Tutte siffatte condotte in effetti presentano la “peculiarità di dare luogo ad un processo produttivo in grado di ‘autoalimentarsi’ e di espandersi, potenzialmente senza alcun limite predefinito, tramite la riproduzione dei vegetali. Tale attitudine ad innescare un meccanismo di creazione di nuove disponibilità di droga, quantitativamente non predeterminate, rende non irragionevole la valutazione legislativa di pericolosità della condotta considerata per la salute pubblica (..) oltre che per la sicurezza pubblica e per l’ordine pubblico”.
Il principio di offensività non è dunque compromesso, né tale conclusione può essere sovvertita dall’ultimo argomento sollevato dal giudice rimettente e riferito alla citata normativa internazionale.

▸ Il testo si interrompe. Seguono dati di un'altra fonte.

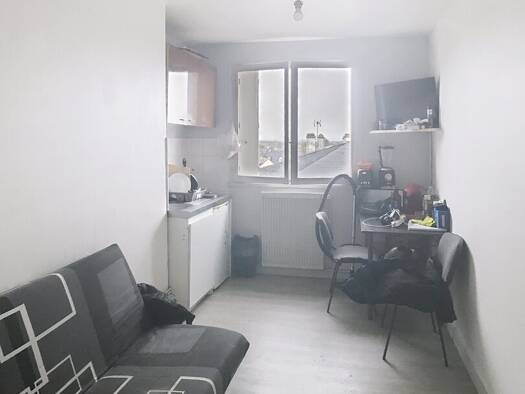 Appartement à vendre 36 710 € 1 pièce 13 m² Étage 3/3 Saint Lambert des Levées Centre Saumur 49400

La Decisione Quadro in parola infatti “reca solo «norme minime» in tema di repressione penale delle condotte aventi ad oggetto sostanze stupefacenti. Essa non obbliga gli Stati membri a prevedere come reato la coltivazione per uso personale, ma neppure impedisce loro di farlo. Nel quarto ‘considerando’ si afferma, anzi, espressamente che «l’esclusione di talune condotte relative al consumo personale dal campo di applicazione della presente decisione quadro non rappresenta un orientamento del Consiglio sul modo in cui gli Stati membri dovrebbero trattare questi altri casi nella loro legislazione nazionale»”.
Per tutti questi motivi dunque, la Corte Costituzionale ha dichiarato la questione non fondata. Per conseguenza, la coltivazione di sostanze stupefacenti rimane penalmente rilevante, a prescindere dalla finalità per cui tale condotta sia posta in essere.